Amy Brachio, the CEO and former global sustainability head at EY, says the new system will make carbon data clear, comparable, and precise. Her leadership brings over 30 years of experience in corporate sustainability and accounting systems. She said:
“For decades, precise and comparable data has been something of a holy grail in emissions tracking. Carbon Measures wants to build a system that unleashes competition, investment, and faster emissions reduction.”
The organization will start by developing standards for carbon intensity in major industrial sectors, such as:
-
Electricity and energy generation
-
Steel and cement production
-
Chemicals and fuels
These sectors are major greenhouse gas emitters. They account for nearly 70% of global industrial emissions. Consistent metrics could greatly impact the world’s decarbonization goals.
Industry Leaders Join Forces: Who’s Backing the Plan
Carbon Measures has attracted companies from across energy, finance, and manufacturing. Founding members are ADNOC, Air Liquide, BASF, Bayer, Honeywell, Linde, Mitsubishi Heavy Industries, NextEra Energy, Nucor, and Vale.
ExxonMobil CEO Darren Woods said that better data will help the industry manage emissions more effectively, saying:
“If you can’t measure it, you can’t manage it.

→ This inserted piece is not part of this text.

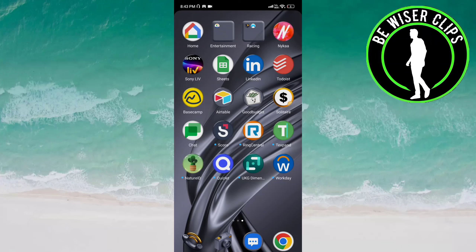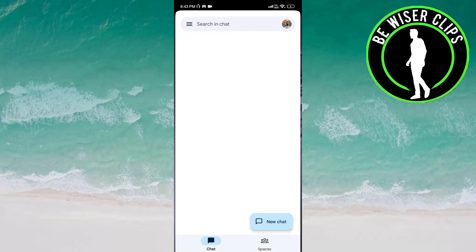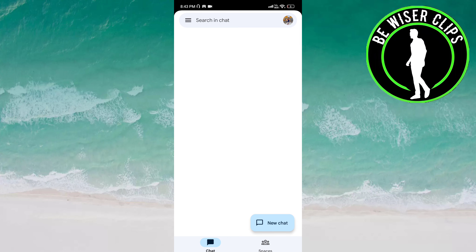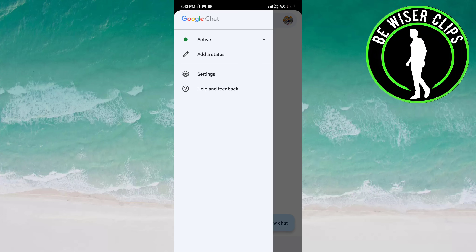Hello friends, welcome back again. I hope you all are doing great. In this video we will learn how to turn on and turn off the mobile notifications on the Google Chat app. Let's get started. Open the Google Chat app and click on the three bars on top of the screen on the left side.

A standard carbon accounting system will create a foundation for fair competition and effective climate action.”
Banco Santander’s Executive Chair Ana Botín added that the framework aims to make carbon reporting globally comparable.
The group includes both financial institutions and industrial companies. This mix shows how broad the impact of carbon measurement has grown.
For investors, accurate emissions data is now part of assessing financial risk. Manufacturers may face market access issues. More countries are adding carbon border taxes and product labeling rules.
A Booming Market for Carbon Truth
Carbon Measures launches at a time when both regulation and demand for transparency are rising. The carbon accounting software market is set to rise from $18 billion in 2024 to over $100 billion by 2032. This growth shows how companies feel the pressure to track and report accurately.

The compliance carbon credit market, which has government regulations, was valued at around $113 billion in 2024. It could grow to over $500 billion by 2030, based on industry estimates.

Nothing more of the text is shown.